On July 4th, we are fond of celebrating independence, freedom, liberty. This quality is the logical end-point of the United States’ national mythology — the story of the brilliant architects of our national revolution and Constitution, the story of the brave pioneers who set out on their own to subdue the wilderness, the story of captains of industry who conquered the marketplace to make their fortunes, the story of the Greatest Generation who liberated the concentration camps from evil Nazis. And there is nothing wrong with independence in and of itself. Each of us is a separate being who chooses an individual path in life.
However, the United States’ story celebrates independence without acknowledging its balancing quality — that of interdependence. Each human is a separate being, but we live in community. We have evolved from animals that live in bands, in groups that support one another. And in spite of our national story, we have lived, worked, and thrived together throughout our national history and continue to do so today. The originators of our system of government, the pioneers, the industrialists, the soldiers of World War II, each of them achieved what they did because they worked together in groups.
One of the groups that each of them belonged to was the community of white people, which is an unacknowledged part of our national story… that the success of these white groups was borne on the backs of Black people who had been enslaved, Indigenous people who had been exterminated so their land could be taken, and Latinx, Asian, and other immigrant people whose labor was exploited. We white people have gained as a group at the expense of those groups we othered. In reality, we white people opt into and out of communities as it suits our needs. We identify with whiteness when it gains us an advantage, but opt out of caring for our community members — white, Black, Latinx, and every other race — when we believe that we gain by going it alone.

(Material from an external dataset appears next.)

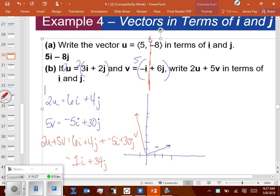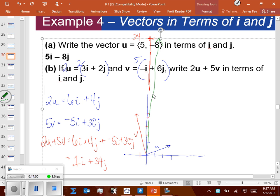The resultant 1i + 34j would be that vector going up to 34 units. Inside those two numbers is wrapped up the magnitude and direction of 2u + 5v. I can find the length using those two numbers, and I can find the angle theta — we'll get to that in the next couple slides.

So in fact, we have always been interdependent…our national lie is that our success belongs to us individually. We gain our success based on interdependence, then act like we created it ourselves. We benefit from group membership, then turn around and deny that membership. What we need in this moment is to admit to and own our interdependence. We white people especially need to admit that we are part of a web of relationships. This is not a matter for shame — this is a matter of human nature. We should celebrate our connectedness, not disavow it.
This July 4th, we do not need Independence Day. We need Interdependence Day. We need a national reckoning with the fact that we depend on one another, and that all of us depend on the Earth and the communities of animals and plants who share that Earth with us. We need to disavow the individualist invention that we have done it alone, or that we could possibly do it alone. Especially in this time of COVID-19, we must recognize that each of us is linked to the others, both through the transmission and prevention of this disease. We succeed, we fail, we live, we die together. Let’s acknowledge it. Let’s understand it. Let’s celebrate it.